Menurut Denny, terdapat kekhawatiran apabila sewaktu-waktu terjadi kekosongan jabatan presiden. Ia menilai kondisi tersebut akan membuat Gibran otomatis menjadi presiden sesuai ketentuan konstitusi.

"Jika Presiden Prabowo jatuh, maka secara konstitusi, kita akan punya Presiden Gibran Rakabuming Raka. Bagi Indonesia, itu bukan berita suka, tetapi kabar duka. Itu adalah malapetaka. Sehingga memberhentikan Gibran adalah solusi utama dan pertama bagi bangsa," tulisnya.

Dalam unggahan tersebut, Denny juga menguraikan bahwa UUD 1945 mengatur beberapa kondisi yang menyebabkan jabatan presiden atau wakil presiden menjadi kosong, salah satunya karena mengundurkan diri.

"Pasal 8 ayat (1) dan (3) UUD 1945 mengatur jabatan wakil presiden (dan presiden) kosong jika: mangkat, berhenti, diberhentikan, atau tidak dapat melakukan kewajibannya dalam masa jabatannya," tulisnya.

Ia menjelaskan bahwa istilah "berhenti" dalam ketentuan tersebut berarti mengundurkan diri, sedangkan "diberhentikan" melalui mekanisme pemakzulan.
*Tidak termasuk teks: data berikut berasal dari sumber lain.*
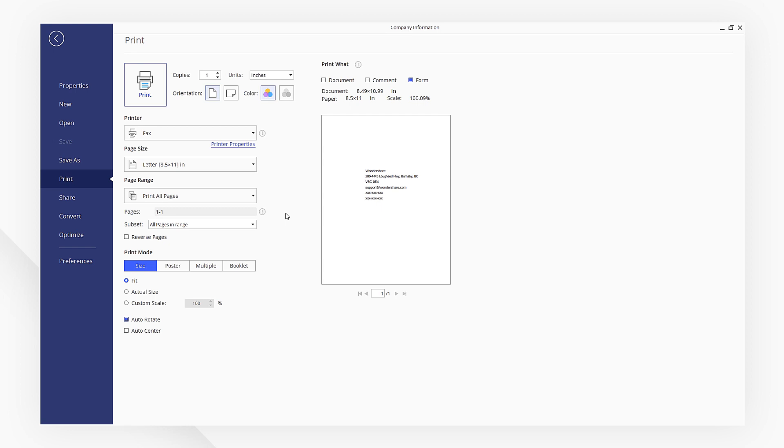If you don't have a copy of PDFelement yet, check out the link in the description to try PDFelement for free. See you next time!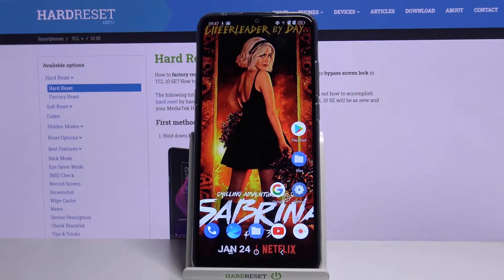Hi, in front of me is the TCL 10 SE and today I would like to show you how you can operate App Permission Manager.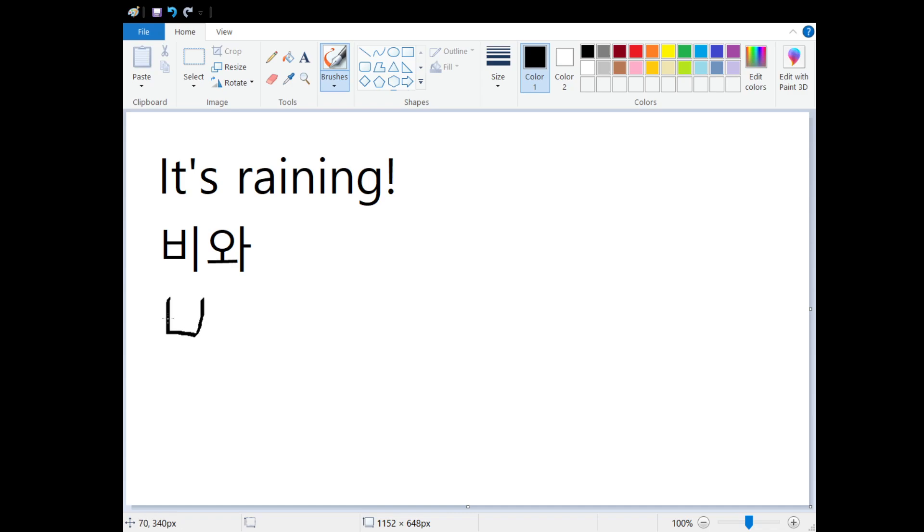So our first character here, which means rain, is 피. And then our second character is come, or comes. And it's 와.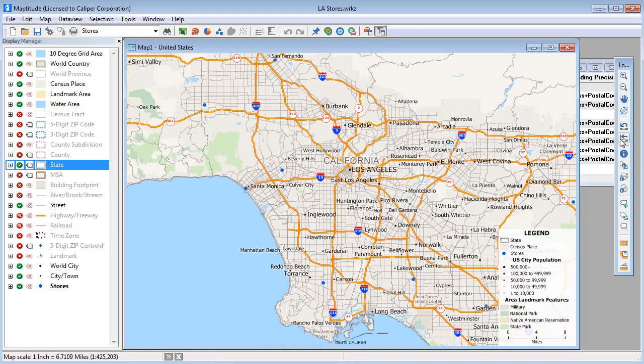And now that your data are located, you can use them like any other Maptitude layer. And that wraps up this tutorial on creating a pin map by locating your data.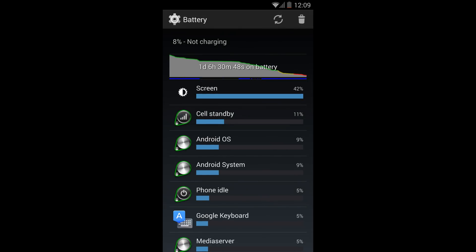As shown here, one day six hours, and I actually got over seven hours of screen on time in this case.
"Selain karena alasan tutup usia, proses yang tidak terlalu rumit adalah berhenti alias mengundurkan diri," kata Denny.

Pada bagian akhir pernyataannya, Denny juga menyinggung sejumlah pejabat yang menurutnya memilih mundur dari jabatannya dalam beberapa waktu terakhir. Ia menyebut budaya mundur mulai menjadi bagian dari etika pejabat negara, seraya menyebut nama Gubernur Bank Indonesia Perry Warjiyo, mantan Kepala Badan Gizi Nasional Nanik S. Deyang, pimpinan Otoritas Jasa Keuangan, mantan pimpinan KPK Firli Bahuri dan Lili Pintauli Siregar, serta mantan Ketua Umum Partai Golkar Airlangga Hartarto.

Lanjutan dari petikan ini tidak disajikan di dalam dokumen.